“Luna
nueva”, responde orgullosa y con satisfacción en su voz. Quedo un poco
desencajado. “¿Se podría saber por qué, Andrea?”. “No sé, profe, porque es un
amor imposible. Bella realmente está enamorada de Edward, pero todo se complica,
y además los efectos especiales están súper bien logrados, sobretodo en las
escenas de los hombres lobo”.
Decididamente
suena algo desconcertante la respuesta de esta adolescente alumna ante la
pregunta sobre un film que la haya marcado y en el cual vea reflejada su
identidad. Con mucho respeto a la saga Crepúsculo y su ejército de fans
incondicionales. Pero lo que no me supo responder Andrea espontáneamente es qué
elementos propios de nuestra idiosincrasia chilena son fielmente retratados en
aventuras de jóvenes vampiros virginales que se desarrollan en un
característico pueblo pequeño estadounidense.
La
verdad, la ingenuidad fue mía al esperar otra respuesta. La cinta de Chris
Weitz basada en la novela homónima de Stephenie Meyer superó los 480 mil espectadores
en Chile y fue un fenómeno cultural de masas, incluido el merchandising, que
revolucionó a los púberes del mundo entero, amén de sus suculentas utilidades
económicas.
Debí
haberme planteado esta realidad, que supera ampliamente mi idealista mapa de
las nociones de cinematografía, cuando el profesor titular de la cátedra me
propuso asumir como docente auxiliar para, en sus palabras, reencantar a los
jóvenes con la pasión por el buen cine y sus alcances sociales e ideológicos.
Pero
el desafío está comprometido y he visto a lo largo de este año como todas mis
nociones sobre cine como expresión de arte, como medio de comunicación de masas
objeto de la semiología de la imagen o como instrumento de la Industria Cultural
con alcances dentro de la ideología social dominante en cualquier sociedad con
intenciones de mantener la estructura de poder, o simplemente como objeto de
estudio cinéfilo especializado, contrastaron violentamente con la idea del
alumnado de las películas como un ameno panorama de week end, en compañía de cabritas
y bebidas gaseosas, junto a los amigos en una de las multisalas de cadenas que
tientan a los jóvenes con comida chatarra una vez finalizada la función.
Sin
embargo, pese a que el cine es un fenómeno principalmente adolescente, sería
injusto atribuir exclusivamente a la gente joven de estas prácticas de consumo
cultural frívolas y extranjerizantes. La tiranía de Hollywood se impone en la
taquilla chilena de forma transversal a los rangos etáreos de los espectadores.
Sin
embargo, sin ánimo de cargar la mano a mis estudiantes, me duele que para
muchos de ellos obras nacionales a mi juicio tan notables como “Tony Manero”

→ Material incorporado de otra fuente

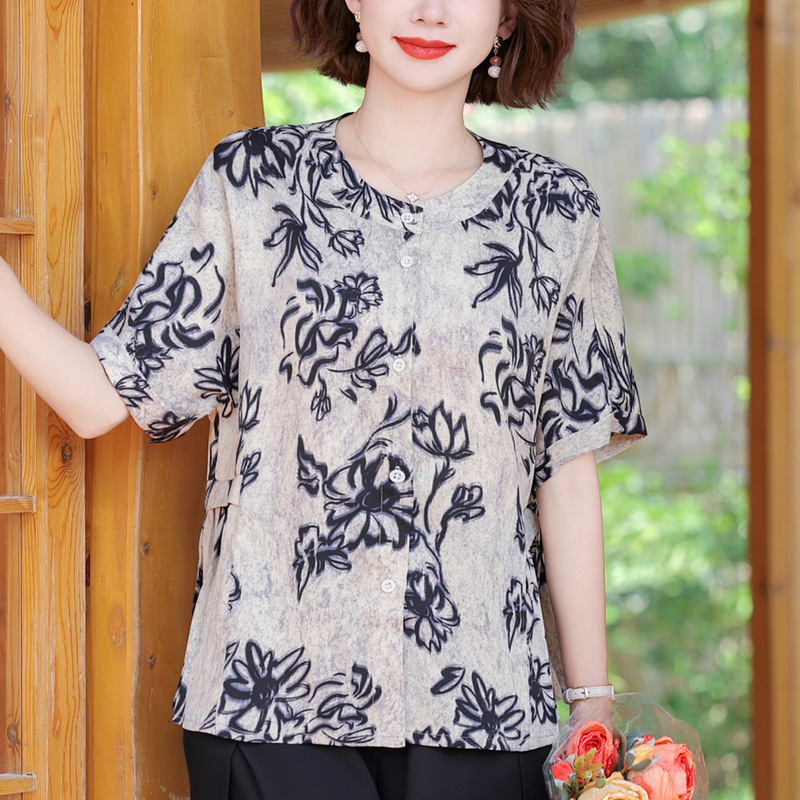 中高年向け夏用半袖Tシャツ、控えめでエレガントなゆったりトップス、ママの2025年夏新作婦人服、おしゃれなシャツ|undefined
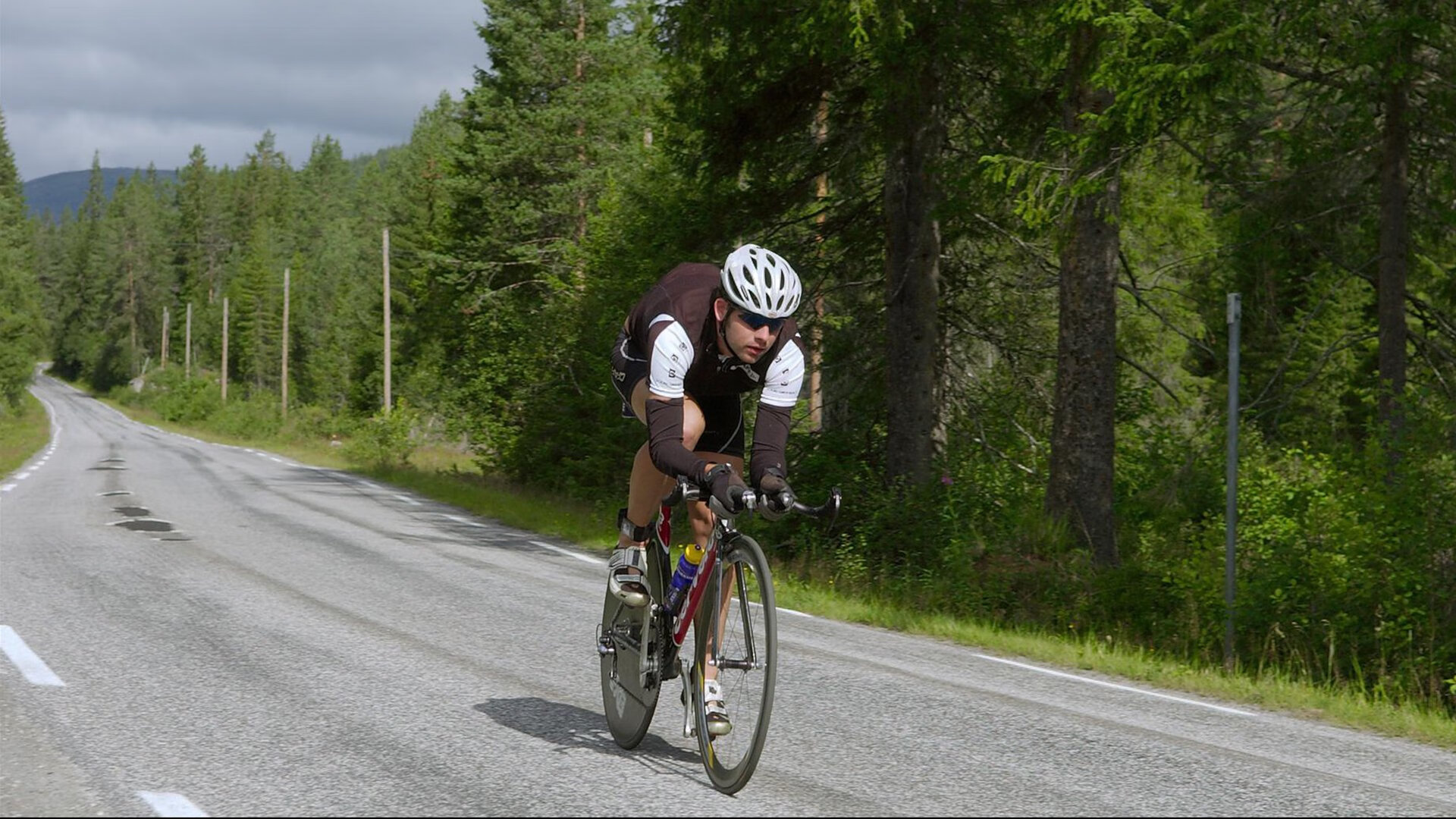 中甲保级也是“隔空对决”,深圳青年人小分领先——一场足球的青春较量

sean calificadas de aburridas y lisia y llanamente malas. No creo que diste
mucho un referente de Séptimo Arte para estos alumnos como para los chilenos en
general. Spielberg, parece ser la
palabra mágica que, sin desmerecer su mundo de aventuras y fantasías, o su
eficiente capacidad narrativa, poco o nada de arraigo identitario tiene con
esta larga y angosta faja de tierra y le hace un triste favor a talentos
incluso semi desconocidos en nuestro país, como lo son Raúl Ruiz y Miguel Littín.
Cine
como mero producto de la Industria de la entretención, e incluso una
inconsciente alternativa de evasión. En este sentido me pregunto qué busca el
espectador chileno tipo en las salas de cine o en el arriendo de películas.
“Cuando
desde el Consejo de la Cultura abogamos por una gran internacionalización del
cine chileno, lo hacemos porque estamos convencido de que ese es un conducto
muy eficaz para proyectar nuestra identidad cultural en el mundo”, sentenció el
entonces Ministro de Cultura, José Weinstein, en un encuentro sobre educación y
cultura el año 2005. En efecto, la identidad cultural chilena está en juego
frente a la globalización.
No existe una cultura global, sino culturas específicas que
se globalizan, que adquieren hegemonía en el mundo. Este es el objetivo de la
política cultural con respecto al cine, al menos en ese entonces.
No
es de extrañar entonces que, desde el año 2004 hasta el 2007 (sólo por citar un
registro), los filmes chilenos con suerte hayan superado el millón de
espectadores en salas nacionales, en abierto contraste con los de origen
estadounidense, los cuales nunca bajan de los ocho millones.
Otro
dato duro: el año pasado, la cinta más vista fue “La era del hielo 3” con 1.421.722 espectadores,
mientras que la nacional “Grado 3” ,
marcando un record de taquilla, apenas llegó a 240 mil.
Los
jóvenes en mi curso bostezan con desenfado cuando les proyecto películas de
Aldo Francia o Helvio Soto, y no es de extrañar, pero el punto es hacia a dónde
apunta no sólo la docencia especializada, sino la política cultural y todos los
esfuerzos de la modesta industria cinematográfica chilena, incluida la crítica,
la distribución, la publicidad, el fomento estatal y también la investigación
académica.
No
se trata de bregar por un patrioterismo machacón en el Séptimo Arte (soy gran
admirador de cinematografía de diversas latitudes), sino más bien de
reconocerse en la identidad nacional y buscar una sentido más profundo en el
consumo de películas. Las naciones desarrolladas se han visto reflejadas en sus
procesos históricos mediante el cine: es el caso del Neorrealismo Italiano y
del Nuevo Cine Alemán con la Posguerra. Tampoco apoyar al cine sólo por ser
chileno. Pero es un hecho que en el tiempo reciente nuestras películas son más
reconocidas en festivales extranjeros que por el gusto de nuestra gente.